L’IA fait revivre deux voix israéliennes à l’occasion du 75e anniversaire d’Israël
Les sons d'Ofra Haza et de Zohar Argov, tous deux décédés, sont réunis dans la dernière création musicale de la société israélienne de production musicale Session 42
Jessica Steinberg est responsable notre rubrique « Culture & Art de vivre »
Ofra Haza est décédée il y a 23 ans et Zohar Argov est mort depuis 36 ans. Aujourd’hui, les deux chanteurs, des voix bien-aimées du panthéon musical israélien, sont ramenés à la vie… Enfin d’une certaine manière.
Une équipe de producteurs israéliens a créé un duo, « Ici pour toujours » (« Kan LeOlam ») pour Haza et Argov, en utilisant l’intelligence artificielle (IA).
Créée à l’occasion du 75e anniversaire de l’indépendance d’Israël, la chanson et la vidéo qui l’accompagne utilisent un logiciel d’IA israélien pour créer les performances de Haza et Argov.
« L’idée était de mélanger technologie et créativité », a expliqué Oudi Antebi, PDG et co-fondateur de Session 42, une société israélienne de production musicale qui utilise la technologie et l’analyse de données pour créer des chansons. « La technologie devait briser toutes les frontières, être aussi sauvage et folle que possible et réaliser des fantasmes. Cette chanson en est un excellent exemple. »

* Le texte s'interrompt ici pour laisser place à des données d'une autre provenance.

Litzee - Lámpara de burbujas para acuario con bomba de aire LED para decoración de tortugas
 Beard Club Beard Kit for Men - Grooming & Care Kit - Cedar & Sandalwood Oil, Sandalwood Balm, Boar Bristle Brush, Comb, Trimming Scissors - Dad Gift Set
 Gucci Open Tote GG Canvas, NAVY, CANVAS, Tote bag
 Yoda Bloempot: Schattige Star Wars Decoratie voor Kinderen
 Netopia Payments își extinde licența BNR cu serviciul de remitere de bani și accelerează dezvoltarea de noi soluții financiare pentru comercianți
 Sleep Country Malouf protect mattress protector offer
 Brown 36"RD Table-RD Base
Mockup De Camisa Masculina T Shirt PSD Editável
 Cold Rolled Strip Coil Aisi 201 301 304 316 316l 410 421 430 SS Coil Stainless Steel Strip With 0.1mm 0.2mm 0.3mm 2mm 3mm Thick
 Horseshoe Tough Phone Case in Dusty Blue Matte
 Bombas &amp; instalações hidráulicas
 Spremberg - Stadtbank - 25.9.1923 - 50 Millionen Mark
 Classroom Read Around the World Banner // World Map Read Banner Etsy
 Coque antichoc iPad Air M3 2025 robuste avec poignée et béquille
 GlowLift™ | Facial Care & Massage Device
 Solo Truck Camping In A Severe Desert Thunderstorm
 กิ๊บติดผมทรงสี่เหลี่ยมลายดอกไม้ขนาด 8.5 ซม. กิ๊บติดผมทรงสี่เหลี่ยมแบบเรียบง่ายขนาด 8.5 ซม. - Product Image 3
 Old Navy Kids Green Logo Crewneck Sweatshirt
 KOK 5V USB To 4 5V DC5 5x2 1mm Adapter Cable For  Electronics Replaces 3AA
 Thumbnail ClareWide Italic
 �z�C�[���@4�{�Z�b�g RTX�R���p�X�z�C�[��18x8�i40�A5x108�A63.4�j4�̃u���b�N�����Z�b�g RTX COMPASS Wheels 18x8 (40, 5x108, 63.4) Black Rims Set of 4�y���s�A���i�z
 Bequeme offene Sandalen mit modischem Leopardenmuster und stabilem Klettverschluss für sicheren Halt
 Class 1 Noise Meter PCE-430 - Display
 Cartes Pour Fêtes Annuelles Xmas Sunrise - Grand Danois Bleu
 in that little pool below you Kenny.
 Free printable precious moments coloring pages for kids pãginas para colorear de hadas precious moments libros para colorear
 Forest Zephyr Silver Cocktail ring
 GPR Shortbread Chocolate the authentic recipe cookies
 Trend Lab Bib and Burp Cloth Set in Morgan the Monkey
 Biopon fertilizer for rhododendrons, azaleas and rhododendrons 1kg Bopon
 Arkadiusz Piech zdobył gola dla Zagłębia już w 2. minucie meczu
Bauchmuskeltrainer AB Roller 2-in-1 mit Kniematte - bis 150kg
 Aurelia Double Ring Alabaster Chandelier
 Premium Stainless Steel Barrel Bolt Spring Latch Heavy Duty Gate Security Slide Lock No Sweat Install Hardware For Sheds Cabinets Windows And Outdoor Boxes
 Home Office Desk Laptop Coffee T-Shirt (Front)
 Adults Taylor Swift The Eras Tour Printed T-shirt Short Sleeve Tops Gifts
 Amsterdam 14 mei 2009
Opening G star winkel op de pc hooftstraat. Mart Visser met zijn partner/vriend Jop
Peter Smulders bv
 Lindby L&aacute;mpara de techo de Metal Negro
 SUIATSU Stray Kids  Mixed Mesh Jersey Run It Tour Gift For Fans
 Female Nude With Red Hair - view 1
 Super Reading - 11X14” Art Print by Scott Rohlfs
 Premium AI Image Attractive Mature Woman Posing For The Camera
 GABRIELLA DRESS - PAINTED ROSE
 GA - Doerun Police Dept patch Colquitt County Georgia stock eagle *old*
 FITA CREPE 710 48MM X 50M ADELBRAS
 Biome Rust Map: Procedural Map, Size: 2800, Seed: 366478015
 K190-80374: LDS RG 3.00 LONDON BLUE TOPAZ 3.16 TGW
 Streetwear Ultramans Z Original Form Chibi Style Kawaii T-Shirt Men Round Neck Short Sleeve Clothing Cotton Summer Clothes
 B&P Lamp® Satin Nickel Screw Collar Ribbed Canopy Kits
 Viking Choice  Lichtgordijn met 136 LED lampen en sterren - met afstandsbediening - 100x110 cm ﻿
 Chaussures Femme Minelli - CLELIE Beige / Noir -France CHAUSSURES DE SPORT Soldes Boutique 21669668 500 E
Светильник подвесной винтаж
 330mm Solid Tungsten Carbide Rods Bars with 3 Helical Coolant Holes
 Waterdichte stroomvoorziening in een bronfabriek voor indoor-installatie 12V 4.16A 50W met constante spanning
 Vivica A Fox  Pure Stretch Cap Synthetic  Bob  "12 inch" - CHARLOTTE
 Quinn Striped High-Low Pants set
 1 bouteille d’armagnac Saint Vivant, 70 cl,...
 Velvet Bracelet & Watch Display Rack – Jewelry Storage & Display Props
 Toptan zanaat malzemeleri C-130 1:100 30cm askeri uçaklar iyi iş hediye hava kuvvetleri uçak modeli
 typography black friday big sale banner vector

Session 42 a également travaillé sur d’autres projets, comme la prochaine chanson de Noa Kirel pour l’Eurovision, « Unicorn« , produite et organisée par Yinon Yahel à Session 42, et un projet 3D à venir dont Antebi n’est pas encore prêt à parler.
« Il s’agit de dire que le monde est en train de changer et que nous allons l’utiliser pour faire des chansons, c’est notre ADN », a déclaré Antebi.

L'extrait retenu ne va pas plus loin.